Closing for now, feel free to reopen if issue is reproduced
(In reply to Martin Perina from comment #10) > Closing for now, feel free to reopen if issue is reproduced The issue is currently reproducing. The following things have changed since the bug was opened. - engine/vdsm upstream version - # of hosts/vms - engine location (same hw specs, different physical host) Spoke with mperina directly, in order to provide direct access to the enviroment.
(In reply to mlehrer from comment #11) > (In reply to Martin Perina from comment #10) > > Closing for now, feel free to reopen if issue is reproduced > > The issue is currently reproducing. > The following things have changed since the bug was opened. > - engine/vdsm upstream version version? > - # of hosts/vms data? > - engine location (same hw specs, different physical host) > > Spoke with mperina directly, in order to provide direct access to the > enviroment. Logs?

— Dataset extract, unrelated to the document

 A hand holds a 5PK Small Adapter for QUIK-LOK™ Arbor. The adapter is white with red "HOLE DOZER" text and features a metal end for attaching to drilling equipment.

Created attachment 1367987 [details] engine log and log from vdsm that holds vms of nested hosts
(In reply to Yaniv Kaul from comment #12) > (In reply to mlehrer from comment #11) > > (In reply to Martin Perina from comment #10) > > > Closing for now, feel free to reopen if issue is reproduced > > > > The issue is currently reproducing. > > The following things have changed since the bug was opened. > > - engine/vdsm upstream version > > version? ovirt-engine-4.2.1-0.0.master.20171206161426.git88e9120.el7.centos.noarch > > > - # of hosts/vms > > data? > 3 DC 3 Clusters 406 Hosts Hera : 4 Hosts leopard : 2 Hosts Nested hosts : 400 VMS 3 SD 1200 VMS Hera : 685 VMS leopard : 515 VM > > - engine location (same hw specs, different physical host) > > > > Spoke with mperina directly, in order to provide direct access to the > > enviroment. > > Logs? attached
Here are a list of things from my analysis 1. The thread dump looks normal 118 threads TIMED_WAITING 110 threads WAITING 34 threads RUNNABLE 2. The server and engine logs list only one error No managed connections available within configured blocking timeout (30000 [ms]) 3. I checked the pool statistics in jmx. The max connection count is 109 before the errors. But if everything is normal we should be able to handle it. 4. The problem could be in what is actually being executed on the database. On postgres there were 112 queries. 10 of which were VACUUM statments on ovirt_engine_history database. I stopped both ovirt-engine and ovirt-engine-dwhd and did a full vacuum of the engine and ovirt_engine_history databases. I have restarted engine and I see everything is running normally. I have not started ovirt-engine-dwhd yet. Lets see if this fixes the issue.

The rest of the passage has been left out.